NVIDIA DGX A100 DU-09821-001 _v01|76
Chapter12. Multi-Instance GPU
Multi-Instance GPU (MIG) is a new capability of the NVIDIA A100 GPU. MIG uses spatial
partitioning to carve the physical resources of an A100 GPU into up to seven independent
GPU instances. These instances run simultaneously, each with its own memory, cache, and
compute streaming multiprocessors. MIG enables the A100 GPU to deliver guaranteed quality
of service at up to 7X higher utilization compared to non-MIG enabled GPUs.
MIG enables the following:
‣
GPU memory isolation among parallel GPU workloads.
‣
Physical allocation of resources used by parallel GPU workloads.
Managing MIG instances is accomplished using the NVIDIA Management Library (NVML) APIs
or its command-line utility (nvidia-smi). Enablement of MIG requires a GPU reset and hence
some system services that manage GPUs should be terminated before enabling MIG.
To enable MIG on all eight GPUs in the system, issue the following.
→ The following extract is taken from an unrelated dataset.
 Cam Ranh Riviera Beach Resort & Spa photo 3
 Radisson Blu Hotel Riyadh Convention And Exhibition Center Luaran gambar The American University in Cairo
1. Stop the NVSM and DCGM services.
$ sudo systemctl stop nvsm dcgm
2. Enable MIG on all eight GPUs.
$ sudo nvidia-smi -mig 1
If other services are running that prevent you from resetting the GPUs, then reboot the
system and skip the next step.
3. Restart the DCGM and NVSM services.
$ sudo systemctl start dcgm nvsm
To use MIG, see the MIG User Guide, which provides more detailed information about key
MIG concepts and deployment considerations and explains how to create MIG instances
and how to run Docker containers using MIG.